Your answer must repeat all of the entries word for word, without any images.

Stored items from a collection
+---+
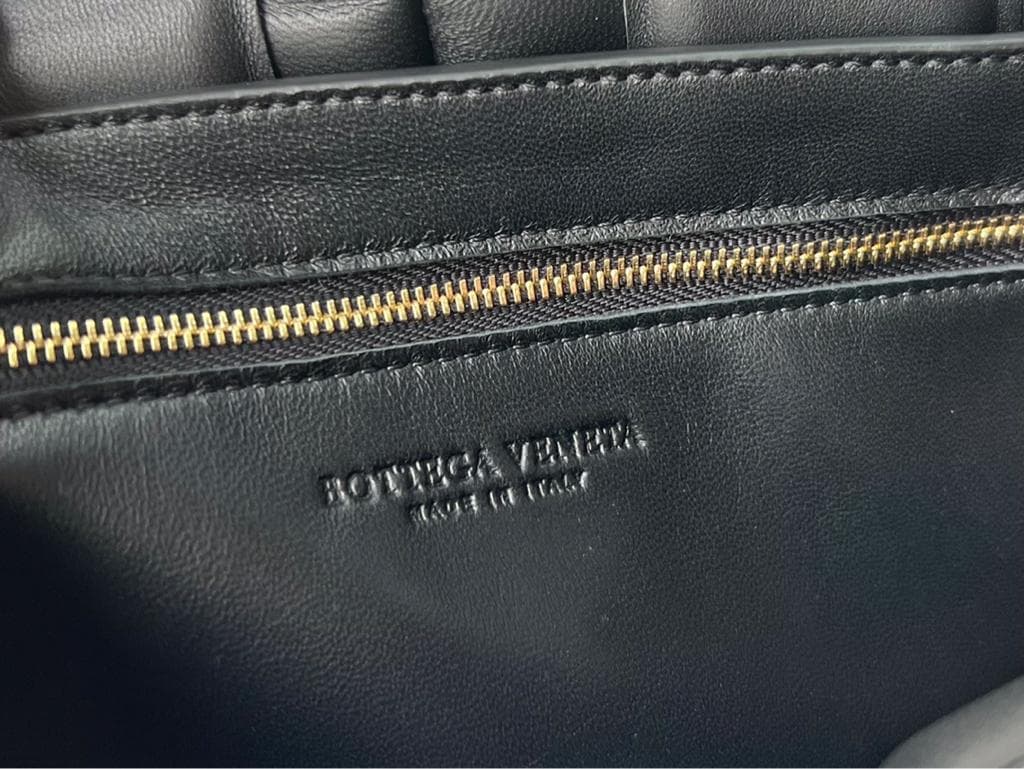 大人気！BVブラックレザーキルティングショルダーバッグ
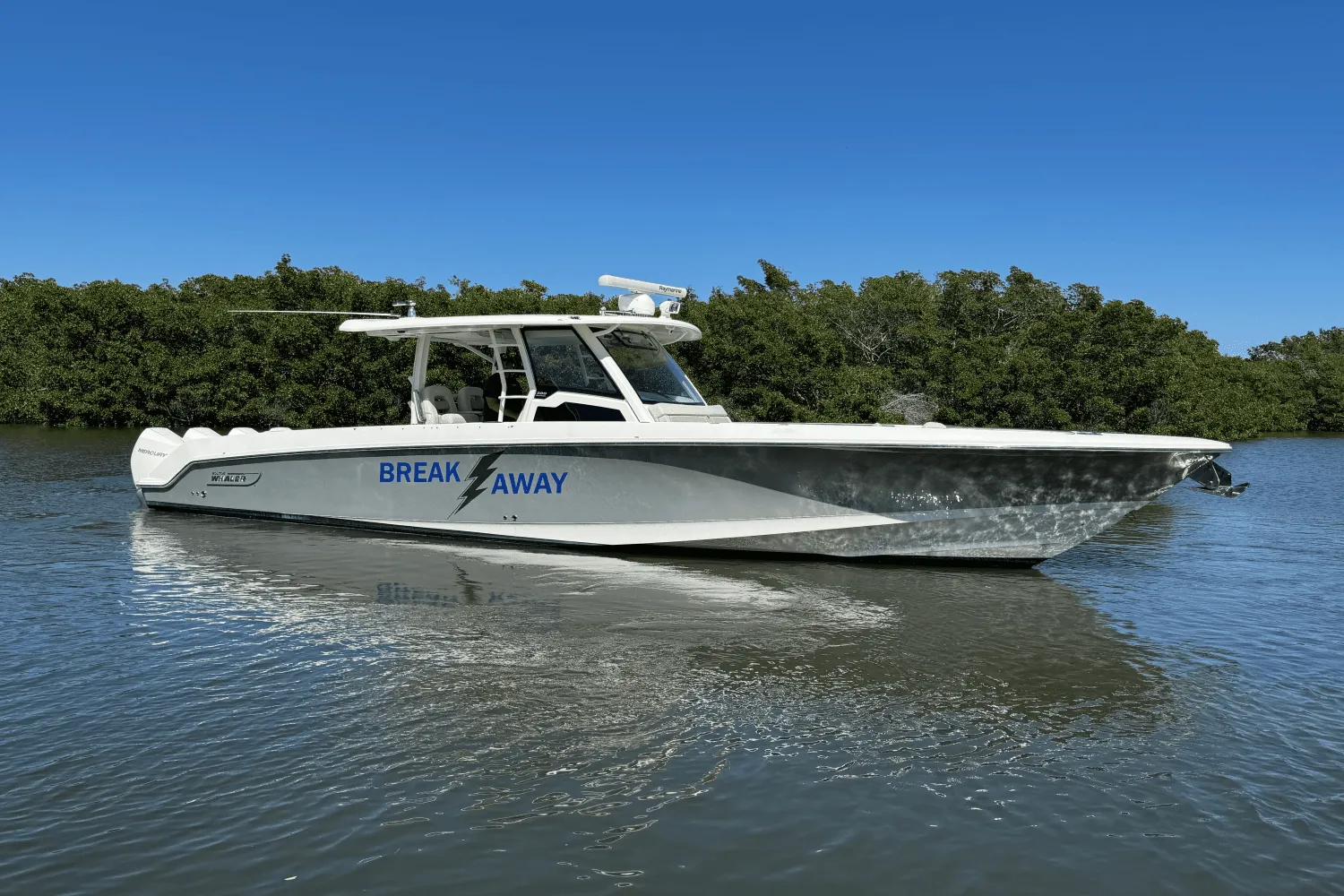 2021 Boston Whaler 380 Outrage Image Thumbnail #10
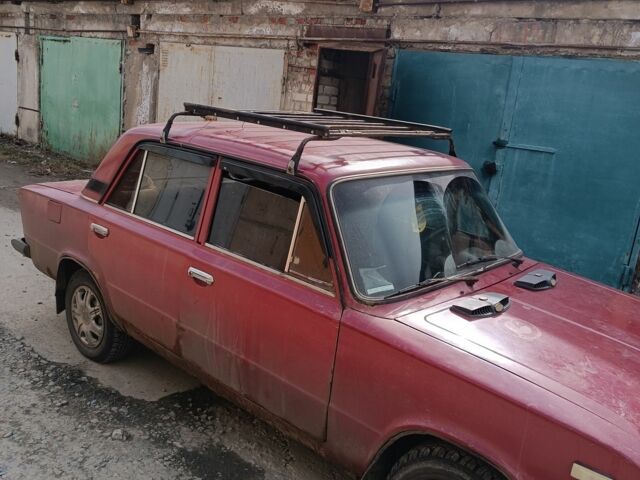 Красный ВАЗ 2103, объемом двигателя 2 л и пробегом 3 тыс. км за 500 $, фото 1 на Automoto.ua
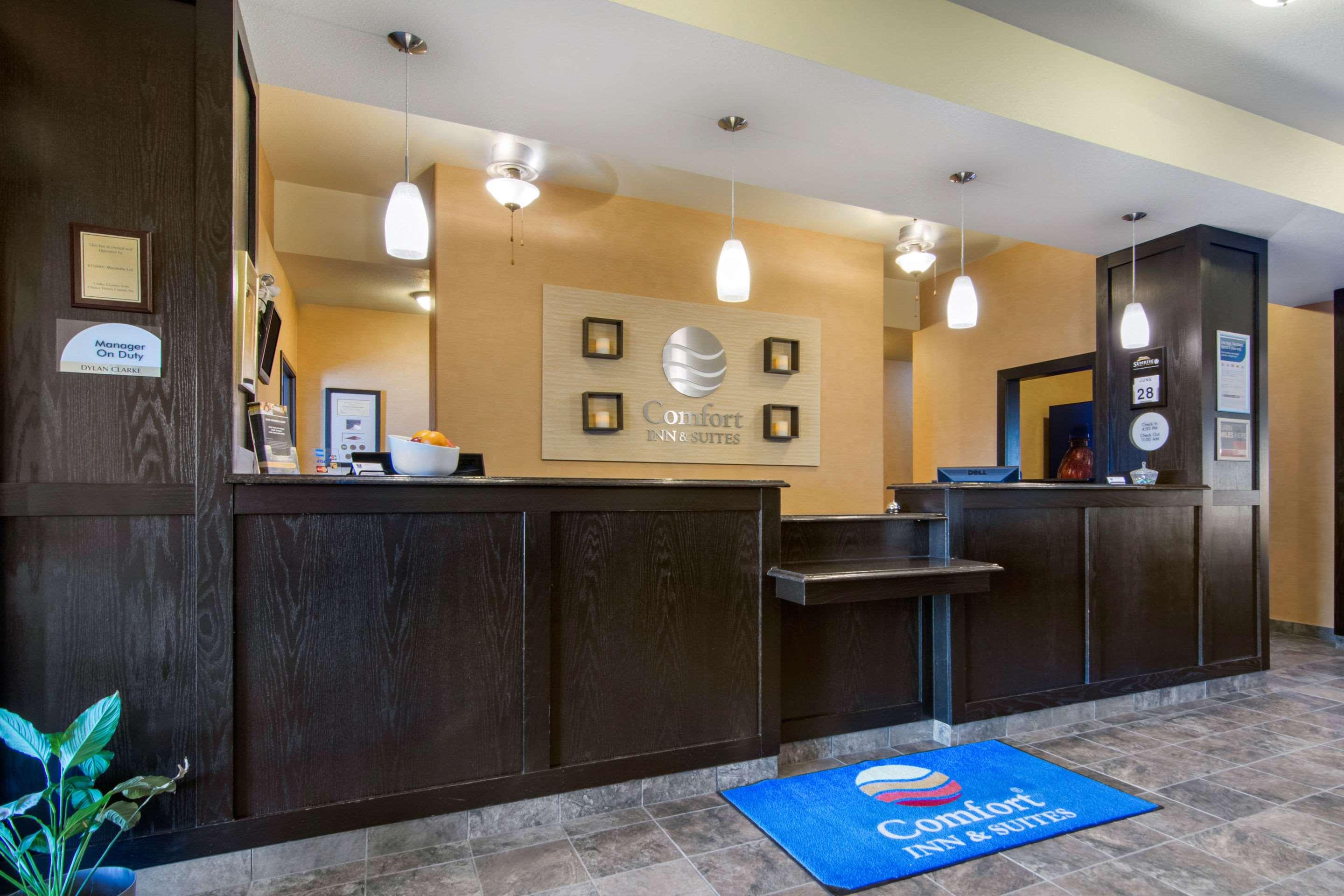 Comfort Inn & Suites 1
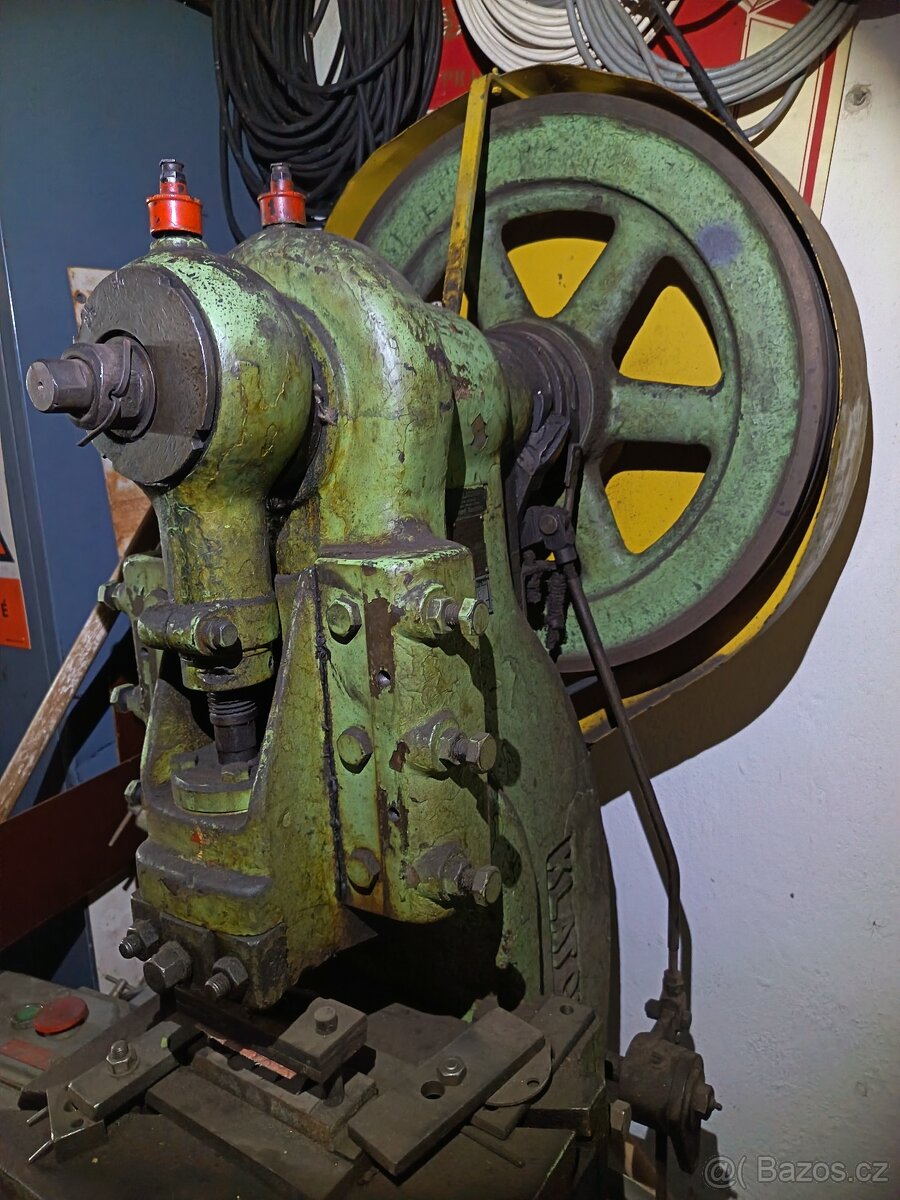 Výstředníkový lis - 2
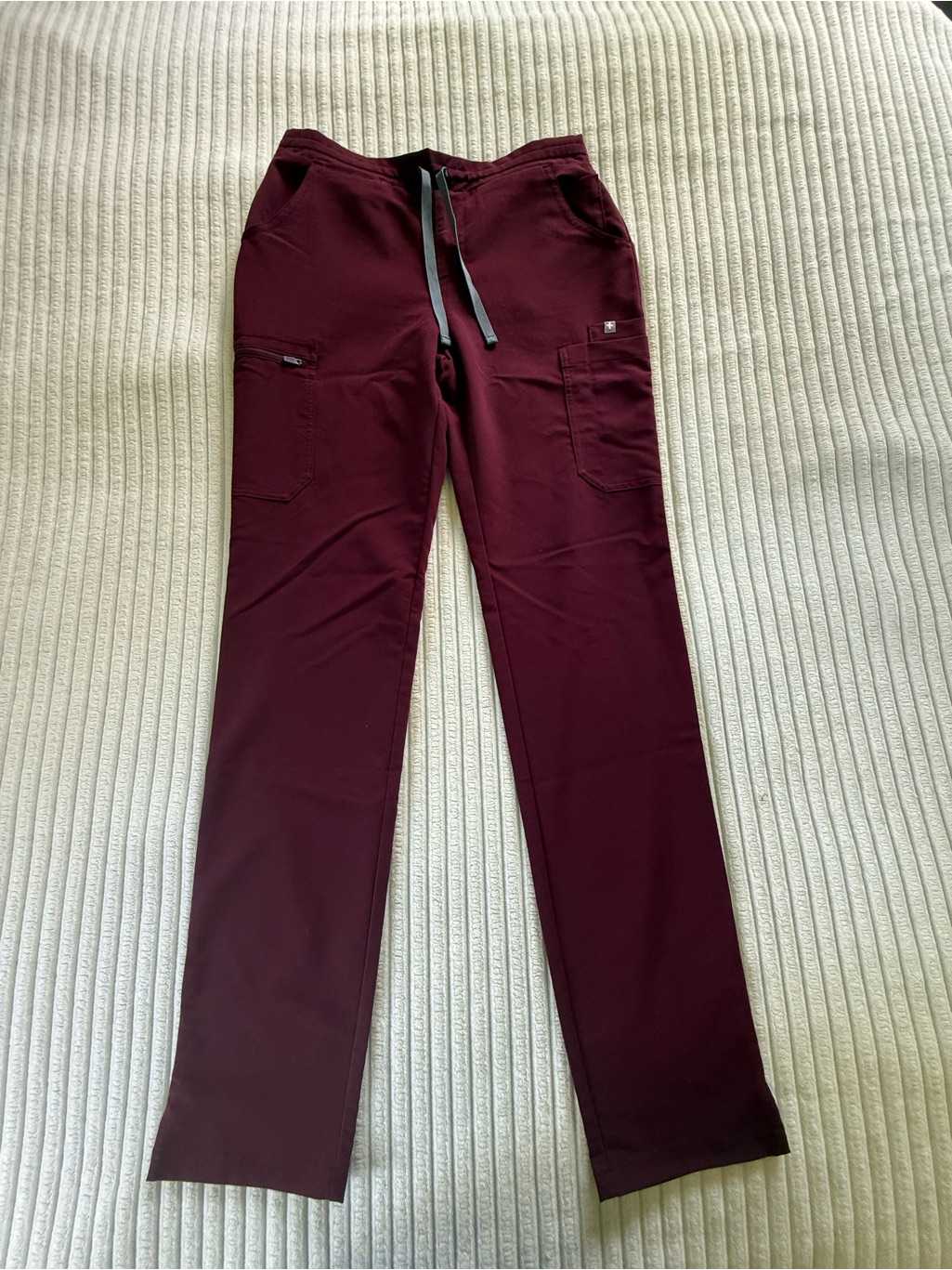 Figs Women's Maroon Elastic Waist Scrub Pants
+---+
§ ANSWER SPACE
 大人気！BVブラックレザーキルティングショルダーバッグ
 2021 Boston Whaler 380 Outrage Image Thumbnail #10
 Красный ВАЗ 2103, объемом двигателя 2 л и пробегом 3 тыс. км за 500 $, фото 1 на Automoto.ua
 Comfort Inn & Suites 1
 Výstředníkový lis - 2
 Figs Women's Maroon Elastic Waist Scrub Pants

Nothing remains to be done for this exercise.